Dos preconceitos e dos (pré)conceitos...
(créditos da foto: Gerardo Santo / Global Imagens)
Esta semana foi divulgado pela Porto Editora o óbvio e o mais que esperado: a palavra do ano de 2017 é "Incêndios".
Também esta semana, ao fim de tantas interrogações, pressões, polémicas e indecisões que não são facilmente compreensíveis quer para os interessados, quer para a opinião pública e política, o Primeiro-ministro António Costa assinou o despacho que determina o pagamento das primeiras indemnizações aos familiares titulares do direito de indemnização por morte das vítimas dos incêndios de junho e outubro de 2017, conforme nota difundida pelo gabinete do Primeiro-ministro.
As tragédias dos meses do verão e outono do ano passado não vão desaparecer tão facilmente da memória colectiva, nem as polémicas políticas que envolveram os acontecimentos e que resultaram na demissão da então ministra da Administração Interna, Constança Urbano de Sousa.
Para a generalidade dos portugueses, onde me incluo, que criticaram a ex-ministra em causa esteve tão somente a incapacidade (ou falta de capacidade) para gerir a crise e o impacto da tragédia, bem como para lidar e liderar (tutelar) uma Autoridade Nacional de Protecção Civil desestruturada e ineficaz.
Curiosamente, volvidos três meses desde os acontecimentos de outubro, Constança Urbano de Sousa surge publicamente numa entrevista ao Notícias Magazine, da Global Notícias, conduzida pela jornalista Alexandra Tavares-Teles.
Naturalmente que as perguntas e respostas levariam ao focus da entrevista (que entendo como um excelente exercício jornalístico, passados estes tempos, para percebermos onde "pára" a ex-ministra que sucumbiu politicamente aos fogos.
Só que a entrevista, do ponto de vista político e social, tem algo que nos deixa surpresos.
A determinada altura Constança Urbano de Sousa afirma «senti que se tivesse sido um homem a passar pelas mesmas circunstâncias talvez tivesse merecido mais respeito.
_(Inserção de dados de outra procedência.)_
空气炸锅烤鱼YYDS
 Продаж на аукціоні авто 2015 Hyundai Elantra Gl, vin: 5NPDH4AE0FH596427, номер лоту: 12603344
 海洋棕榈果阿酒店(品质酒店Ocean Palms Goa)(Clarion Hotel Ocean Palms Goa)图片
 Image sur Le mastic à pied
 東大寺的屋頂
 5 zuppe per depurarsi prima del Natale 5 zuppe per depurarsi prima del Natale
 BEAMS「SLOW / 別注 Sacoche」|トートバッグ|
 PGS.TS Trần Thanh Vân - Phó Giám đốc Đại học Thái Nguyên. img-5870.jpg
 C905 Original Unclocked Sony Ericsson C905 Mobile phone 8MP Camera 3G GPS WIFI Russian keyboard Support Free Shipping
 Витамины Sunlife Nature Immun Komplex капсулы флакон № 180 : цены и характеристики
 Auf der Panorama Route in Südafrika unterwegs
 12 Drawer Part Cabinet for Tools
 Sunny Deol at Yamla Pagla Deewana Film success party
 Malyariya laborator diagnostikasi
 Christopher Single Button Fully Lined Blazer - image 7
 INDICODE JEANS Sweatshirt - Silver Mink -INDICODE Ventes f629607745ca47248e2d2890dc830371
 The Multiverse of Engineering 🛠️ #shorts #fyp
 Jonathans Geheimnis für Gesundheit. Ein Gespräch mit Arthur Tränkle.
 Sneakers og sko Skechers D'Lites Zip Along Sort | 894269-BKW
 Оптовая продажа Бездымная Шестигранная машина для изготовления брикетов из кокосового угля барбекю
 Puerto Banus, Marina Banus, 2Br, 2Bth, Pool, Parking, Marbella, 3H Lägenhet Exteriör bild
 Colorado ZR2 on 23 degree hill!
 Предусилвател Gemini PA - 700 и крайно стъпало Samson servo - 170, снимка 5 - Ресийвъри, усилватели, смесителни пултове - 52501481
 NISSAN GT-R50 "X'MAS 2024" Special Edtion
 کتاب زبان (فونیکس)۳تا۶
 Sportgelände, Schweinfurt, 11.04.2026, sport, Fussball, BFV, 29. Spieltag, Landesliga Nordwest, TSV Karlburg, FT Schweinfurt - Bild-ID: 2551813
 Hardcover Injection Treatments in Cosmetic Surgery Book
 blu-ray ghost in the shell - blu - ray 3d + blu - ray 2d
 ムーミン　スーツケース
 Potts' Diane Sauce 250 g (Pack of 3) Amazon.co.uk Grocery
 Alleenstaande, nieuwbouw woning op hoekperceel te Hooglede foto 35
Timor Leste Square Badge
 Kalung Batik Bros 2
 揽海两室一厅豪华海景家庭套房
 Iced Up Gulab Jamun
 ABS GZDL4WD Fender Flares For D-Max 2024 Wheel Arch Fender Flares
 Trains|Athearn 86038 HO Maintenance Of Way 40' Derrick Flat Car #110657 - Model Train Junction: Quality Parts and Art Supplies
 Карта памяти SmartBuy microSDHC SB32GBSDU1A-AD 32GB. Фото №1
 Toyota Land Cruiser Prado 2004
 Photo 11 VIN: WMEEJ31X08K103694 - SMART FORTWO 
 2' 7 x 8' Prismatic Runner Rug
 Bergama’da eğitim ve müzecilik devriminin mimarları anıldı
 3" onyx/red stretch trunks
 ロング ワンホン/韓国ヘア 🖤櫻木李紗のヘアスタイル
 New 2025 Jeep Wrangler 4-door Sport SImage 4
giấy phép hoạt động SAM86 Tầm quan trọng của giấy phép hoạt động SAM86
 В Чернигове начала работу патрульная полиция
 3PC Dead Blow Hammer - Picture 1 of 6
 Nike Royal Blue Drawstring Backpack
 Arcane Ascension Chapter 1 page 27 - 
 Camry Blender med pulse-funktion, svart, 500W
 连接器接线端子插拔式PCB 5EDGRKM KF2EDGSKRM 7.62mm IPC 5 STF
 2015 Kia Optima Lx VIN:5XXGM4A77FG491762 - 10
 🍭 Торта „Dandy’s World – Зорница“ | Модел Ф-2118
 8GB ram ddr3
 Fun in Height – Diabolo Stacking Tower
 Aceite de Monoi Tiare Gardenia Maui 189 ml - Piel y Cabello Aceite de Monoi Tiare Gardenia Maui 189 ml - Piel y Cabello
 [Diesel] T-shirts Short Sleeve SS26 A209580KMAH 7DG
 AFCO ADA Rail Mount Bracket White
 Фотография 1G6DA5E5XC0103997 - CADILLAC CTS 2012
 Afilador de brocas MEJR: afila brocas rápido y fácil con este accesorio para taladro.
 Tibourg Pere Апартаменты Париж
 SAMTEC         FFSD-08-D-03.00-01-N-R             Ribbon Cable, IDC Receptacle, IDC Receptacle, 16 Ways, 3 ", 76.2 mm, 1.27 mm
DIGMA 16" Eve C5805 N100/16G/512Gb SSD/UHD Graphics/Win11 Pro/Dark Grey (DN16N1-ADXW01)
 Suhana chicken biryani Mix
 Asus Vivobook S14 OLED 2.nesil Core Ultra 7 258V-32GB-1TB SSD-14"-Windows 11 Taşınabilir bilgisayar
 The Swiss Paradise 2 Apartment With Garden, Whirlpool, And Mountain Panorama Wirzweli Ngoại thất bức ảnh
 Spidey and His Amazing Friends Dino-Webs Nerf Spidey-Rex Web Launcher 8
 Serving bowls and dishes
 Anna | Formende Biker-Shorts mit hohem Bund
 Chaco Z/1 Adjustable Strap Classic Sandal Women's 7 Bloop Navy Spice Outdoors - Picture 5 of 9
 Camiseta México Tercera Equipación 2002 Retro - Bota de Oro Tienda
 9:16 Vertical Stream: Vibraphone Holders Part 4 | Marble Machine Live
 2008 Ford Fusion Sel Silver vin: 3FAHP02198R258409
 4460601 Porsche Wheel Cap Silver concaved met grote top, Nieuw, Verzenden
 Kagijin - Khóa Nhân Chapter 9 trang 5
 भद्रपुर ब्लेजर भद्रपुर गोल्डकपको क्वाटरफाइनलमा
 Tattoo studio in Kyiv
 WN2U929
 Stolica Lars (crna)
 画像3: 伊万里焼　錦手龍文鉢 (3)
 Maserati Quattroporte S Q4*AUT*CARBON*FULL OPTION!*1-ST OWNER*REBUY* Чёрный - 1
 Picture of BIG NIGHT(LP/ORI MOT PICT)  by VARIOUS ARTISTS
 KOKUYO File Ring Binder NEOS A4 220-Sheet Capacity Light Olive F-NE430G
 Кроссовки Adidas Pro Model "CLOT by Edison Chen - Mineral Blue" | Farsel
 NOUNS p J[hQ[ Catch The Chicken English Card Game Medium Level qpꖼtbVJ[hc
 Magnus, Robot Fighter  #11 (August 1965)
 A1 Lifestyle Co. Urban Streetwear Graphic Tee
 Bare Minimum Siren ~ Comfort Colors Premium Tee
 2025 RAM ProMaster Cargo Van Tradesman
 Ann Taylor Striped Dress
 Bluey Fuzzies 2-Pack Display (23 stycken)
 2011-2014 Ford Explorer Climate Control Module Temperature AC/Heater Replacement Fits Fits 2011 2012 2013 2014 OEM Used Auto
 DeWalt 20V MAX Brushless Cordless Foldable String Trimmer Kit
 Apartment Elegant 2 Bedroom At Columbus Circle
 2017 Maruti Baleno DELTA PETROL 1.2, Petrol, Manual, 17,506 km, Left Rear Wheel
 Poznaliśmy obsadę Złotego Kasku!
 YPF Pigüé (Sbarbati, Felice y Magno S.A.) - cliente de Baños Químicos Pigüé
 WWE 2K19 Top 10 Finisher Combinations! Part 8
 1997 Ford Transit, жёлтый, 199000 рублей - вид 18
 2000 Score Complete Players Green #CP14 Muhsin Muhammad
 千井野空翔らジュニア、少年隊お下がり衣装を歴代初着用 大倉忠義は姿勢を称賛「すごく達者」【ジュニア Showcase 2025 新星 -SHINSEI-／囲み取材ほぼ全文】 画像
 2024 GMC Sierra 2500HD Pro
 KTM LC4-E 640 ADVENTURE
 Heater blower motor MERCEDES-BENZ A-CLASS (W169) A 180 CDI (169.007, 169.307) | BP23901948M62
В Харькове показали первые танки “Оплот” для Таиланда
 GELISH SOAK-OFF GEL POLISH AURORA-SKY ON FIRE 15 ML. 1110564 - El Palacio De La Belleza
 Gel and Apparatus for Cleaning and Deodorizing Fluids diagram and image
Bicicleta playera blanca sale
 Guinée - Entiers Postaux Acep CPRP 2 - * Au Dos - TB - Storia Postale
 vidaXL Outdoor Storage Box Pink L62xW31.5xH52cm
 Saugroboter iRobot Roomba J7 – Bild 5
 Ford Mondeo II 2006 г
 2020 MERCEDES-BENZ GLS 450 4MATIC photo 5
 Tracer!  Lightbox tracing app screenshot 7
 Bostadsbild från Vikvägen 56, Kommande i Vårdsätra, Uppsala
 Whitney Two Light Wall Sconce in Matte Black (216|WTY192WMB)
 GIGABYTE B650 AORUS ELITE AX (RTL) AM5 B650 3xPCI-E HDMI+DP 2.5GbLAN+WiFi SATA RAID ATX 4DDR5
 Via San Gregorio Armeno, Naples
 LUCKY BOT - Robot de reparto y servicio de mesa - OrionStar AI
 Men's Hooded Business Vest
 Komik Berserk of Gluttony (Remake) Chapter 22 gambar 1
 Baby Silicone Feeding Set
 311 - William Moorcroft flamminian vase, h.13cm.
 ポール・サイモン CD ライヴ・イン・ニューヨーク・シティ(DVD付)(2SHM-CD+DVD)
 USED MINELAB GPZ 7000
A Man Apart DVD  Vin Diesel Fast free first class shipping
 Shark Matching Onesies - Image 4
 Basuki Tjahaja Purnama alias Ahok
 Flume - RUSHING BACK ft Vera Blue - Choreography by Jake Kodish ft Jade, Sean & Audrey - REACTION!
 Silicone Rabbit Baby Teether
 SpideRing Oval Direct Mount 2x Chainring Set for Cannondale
Acredito que ser mulher pesou na forma por vezes desrespeitosa, deselegante e malcriada como fui tratada por alguns». E acrescenta à pergunta directa da Alexandra Tavares-Teles «quem?»... «não vou fulanizar. Políticos, jornalistas e aspirantes a opinadores».
Há algo de grave neste contexto e perante duas circunstâncias.
1. Comentários (não só nas redes sociais) desrespeitosos, malcriados e estúpidos (sim... estúpidos) sempre houve nas mais diferenciadas circunstâncias e contextos. Mas se é verdade que houve uma pressão com base no género e que esta realidade levou à demissão da ministra é grave do ponto de vista dos direitos e garantias, da dignidade humana, e, mais grave ainda, do ponto de vista político de um governo e de um primeiro-ministro que cedeu a pressões preconceituosas. Aliás, contexto que nos faz recordar o mistério na substituição de ex-Secretária de Estado da Cidadania e Igualdade, Catarina Marcelino.discriminatória
2. Não sendo verdade, é a confirmação das incapacidades políticas reveladas pela ministra (e apenas isso) que se esconde na sombra dos preconceitos sobre a fragilidade emocional feminina ou sobre o facto de ser mulher. O que só revela um menosprezo pela causa da igualdade.
Seja qual for o contexto é sempre grave.